SUPPLIED MATERIAL:
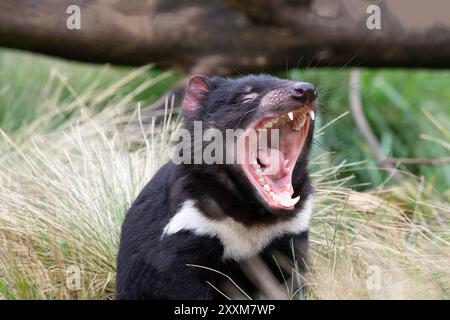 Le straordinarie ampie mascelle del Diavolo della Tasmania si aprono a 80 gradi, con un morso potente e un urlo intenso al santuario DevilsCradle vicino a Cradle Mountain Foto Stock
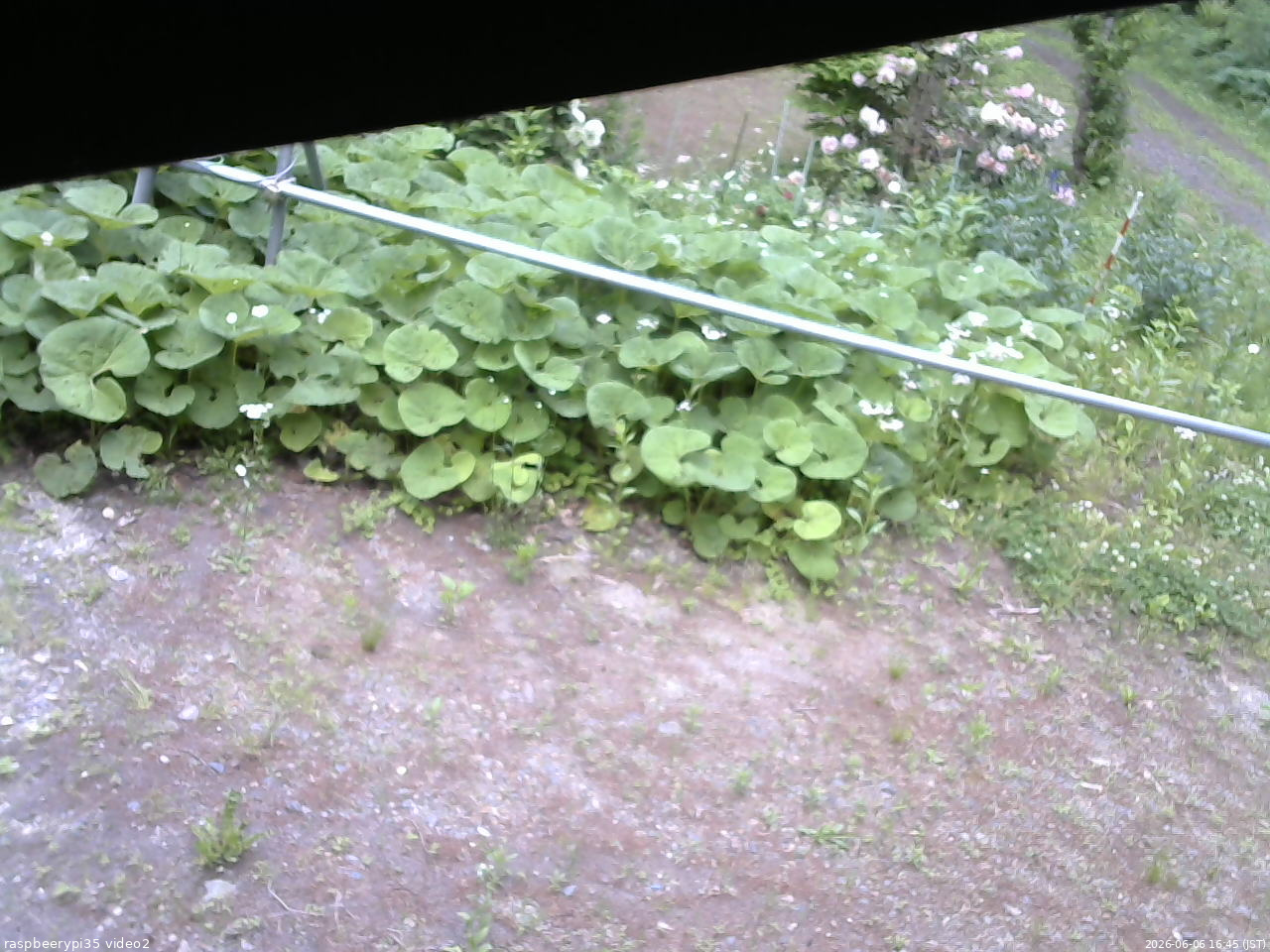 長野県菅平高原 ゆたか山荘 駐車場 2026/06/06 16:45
--
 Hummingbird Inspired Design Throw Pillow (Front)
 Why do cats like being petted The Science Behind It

REQUIREMENT: Reproduce exactly the lines above from the line with "Hummingbird Inspired Design" to the line with "Why do cats", including both, and add nothing.

RESULT OF THE EXERCISE:
 Hummingbird Inspired Design Throw Pillow (Front)
 Why do cats like being petted The Science Behind It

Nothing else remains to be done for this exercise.